**Activity:**
This task asks for the lines from the one with "BOY ON ROCKING" to the final line below, repeated exactly, with pictures omitted.
··· Supplied material ···
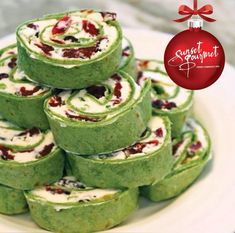 a white plate topped with green and red desserts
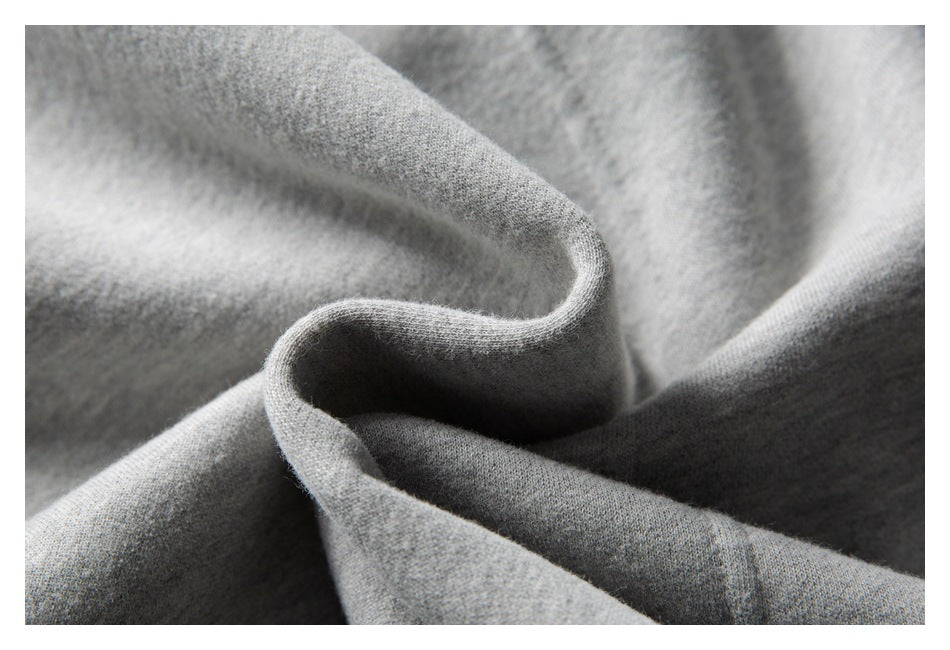 Macro view of folded light gray sweatshirt fabric showing its surface and drape.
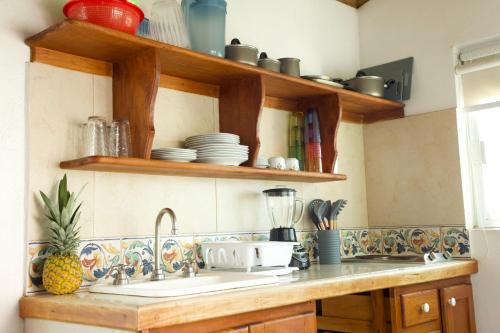 a kitchen with a sink and a counter top at LALORA Hotel & Villas in San Patricio Melaque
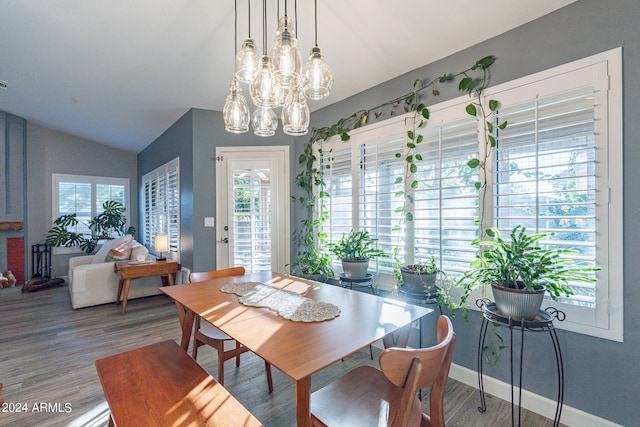 dining space featuring lofted ceiling, a notable chandelier, and hardwood / wood-style floors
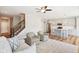 Modern kitchen with gray cabinets, island, and stainless steel appliances at 11436 Mossy Ct # 102, Fishers, IN 46037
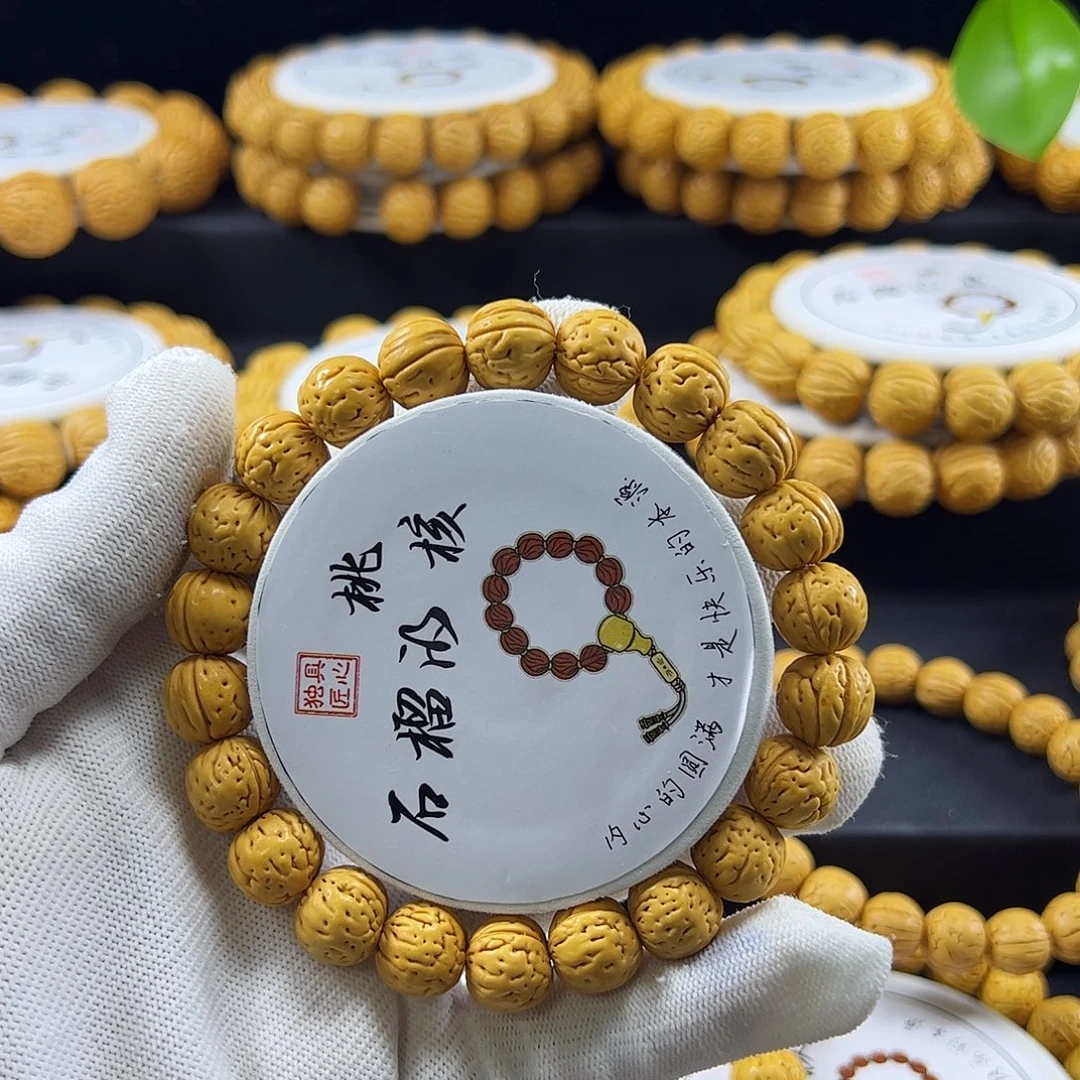 弟***拉桃核手串野生桃核手串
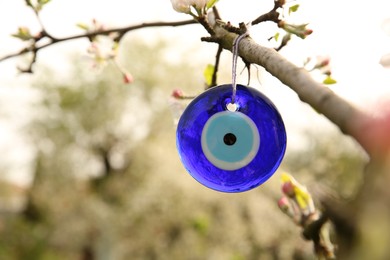 Photo of Evil eye amulet hanging on blossoming spring tree outdoors, closeup. Space for text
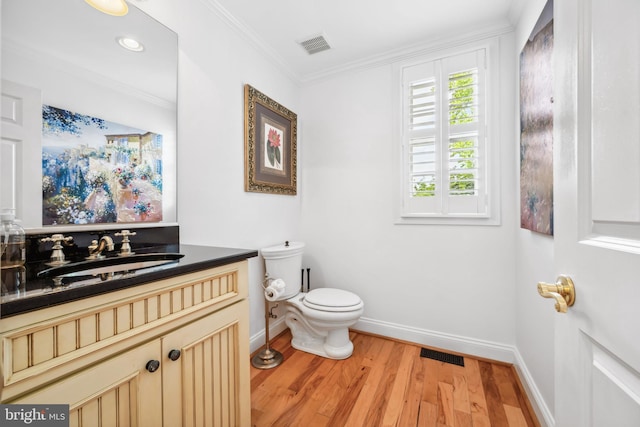 13543 Rustling Oaks Dr, Wye Mills, MD 21679 - half bath with baseboards, wood finished floors, toilet, vanity, and ornamental molding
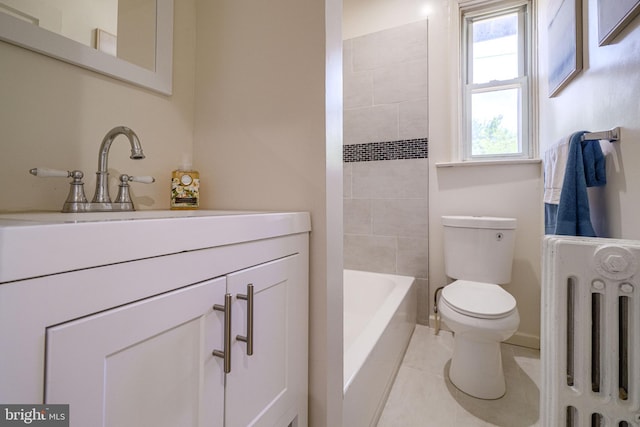 bathroom with tile patterned flooring, vanity, toilet, and radiator heating unit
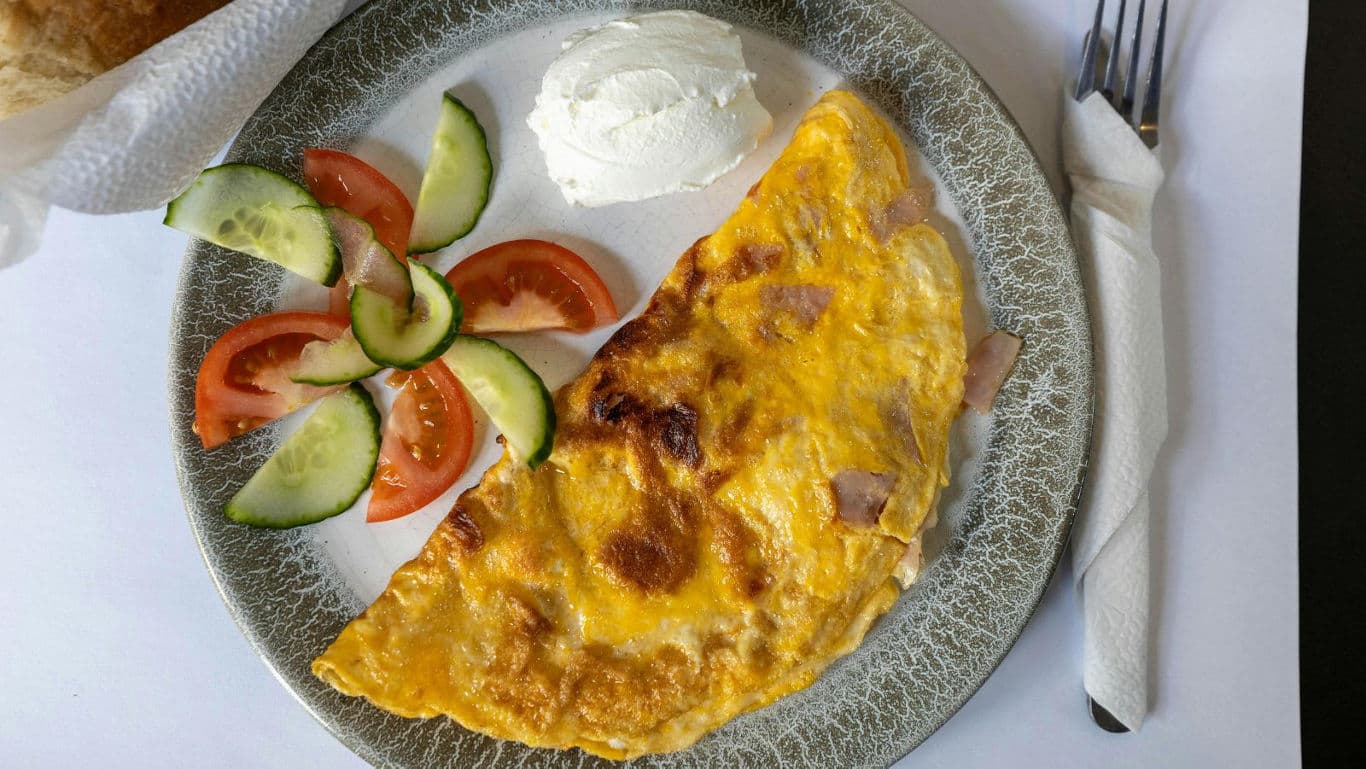 Paneer omelette with salad and sour cream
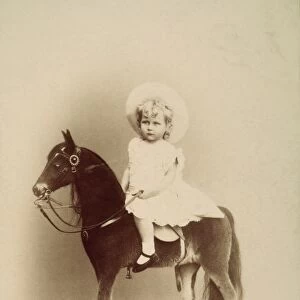 BOY ON ROCKING HORSE, 1890. Prince Oscar of Germany photographed in 1890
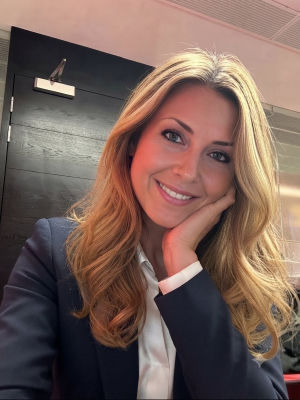 AI-generated portrait of a smiling blonde woman in a blazer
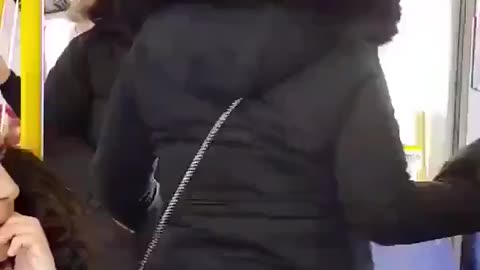 He forces the old Swedish woman to get up because he wants to sit in her place.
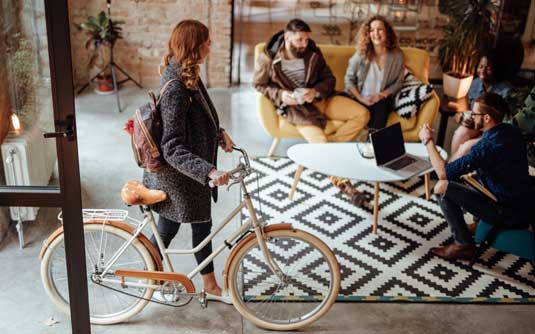 A newly hired temporary creative worker wheels her bike into the office and is greeted by her new coworkers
···
**Result:**
 BOY ON ROCKING HORSE, 1890. Prince Oscar of Germany photographed in 1890
 AI-generated portrait of a smiling blonde woman in a blazer
 He forces the old Swedish woman to get up because he wants to sit in her place.
 A newly hired temporary creative worker wheels her bike into the office and is greeted by her new coworkers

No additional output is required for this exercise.